Adulthood looms. I can feel it.
I'm a senior and what Bill Cosby has said is true: college is a four-year suspension of reality. I have recently begun thinking about becoming a teacher, probably elementary school. As I sit in my Milton class, I very much have the feeling that this will never be useful in my life except to make me seem smart in some high intellectual conversation. Those have never really been interesting to me anyway. I would rather be interesting, have fun and laugh than debate Milton's feelings about Catholicism. I have my own feelings about that subject, but most of the time I shut my mouth because I realize I can't ever truly have any influence on someone's deeply held beliefs. I gave up trying in high school.
Perhaps this is another sign of that looming adulthood. It is not that my very passionate views have gone away; I still believe in them, to a fault sometimes. I just realized that I don't like to hear myself talk as much as some people (these are the ones talking about Milton at what could be a perfectly interesting gathering of people). I know what I want my life to be for the most part. As long as the people around me get what I am about, that is all that matters.
But I am an adult for the most part; as of tomorrow, it's official. I will turn 21. So I can sit in a restaurant and drink wine or play trivia and have a beer at happy hour and not be looking over my shoulder. I can use my actual, official license to go anywhere and buy alcohol. I won't say anything about drinking in front of my parents because I've been doing that for a few years.
I wasn't always an adult in college. I did the stupid things; I've skipped my share of classes, but that gets harder as an English major; the classes are small. I'm up to my earlobes in debt on credit cards, but hey, I'm a girl and one can never have too many shoes or clothes. But now I worry about paying them off, interest rates, and actually having money in a bank account if I need it in the future.
I'm so sick of going to classes; I'd eat my syllabi to never have to take another one. I seriously would love to never enter another classroom again (except, of course, the one I would teach in). However, I want a job I love, not one where I would have to harass people over the phone or uses the words, "Paper or plastic?" So I am now preparing to apply to grad school, another two or three years of school and loans piling on to my back.
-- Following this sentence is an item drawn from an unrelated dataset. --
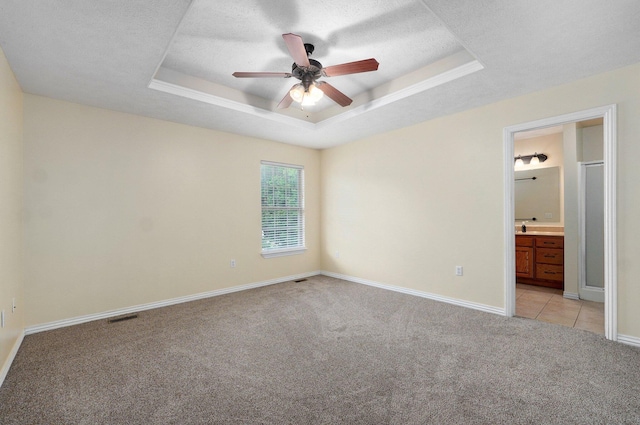 259 Aven Ave, Sparta, MO 65753 - unfurnished bedroom featuring light carpet, a tray ceiling, a textured ceiling, ensuite bathroom, and a ceiling fan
Such is life and realizing what needs to be done to be happy and have security in adulthood.
There are things I still need to learn to be a proper adult. These are things that may take years to master: how to fold a fitted sheet so it is actually a neat square, clean my bathroom on a regular schedule, not just when other people might see it, and putting away clean clothes sometime in the vicinity of when they were actually washed.
But I know I'm an adult by one of the best litmus tests: I listen to NPR! WBFO is one of the quick buttons in my car. Granted, I listen to Shredd and Ragan as well because it's kind of nice to ridicule the world sometimes instead of trying to understand it all the time.
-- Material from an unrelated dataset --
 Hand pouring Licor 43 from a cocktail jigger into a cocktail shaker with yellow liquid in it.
I also jokingly reprimand my boyfriend for not eating breakfast, but it does concern me. I worry these headaches I get are because I'm not exercising enough. I buy Christmas cards after Christmas so I get them cheap to use for the next year. This is ridiculous. I'm doing my mother's job for her.
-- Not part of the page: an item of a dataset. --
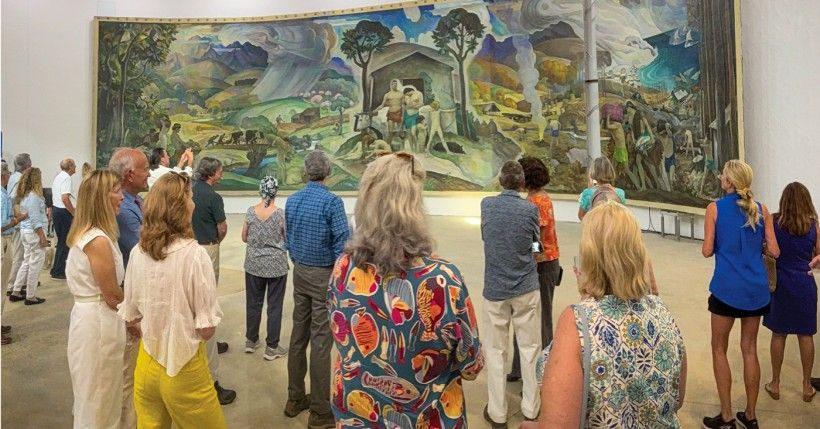 A group of people seen from behind, looking at a large Mural by N.C. Wyeth.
I am not saying I don't take easy ways out anymore or watch television or go out when I know full well there is work I should be doing. I'm becoming an adult; the responsibility part can come later. When slacking off could mean the difference between employment and unemployment, then maybe I'll resist the urge to take a nap or sit in front of my computer when I have work from my real job to do. Maybe. But hopefully there will always be something in me that says, "Screw it, sleep this time."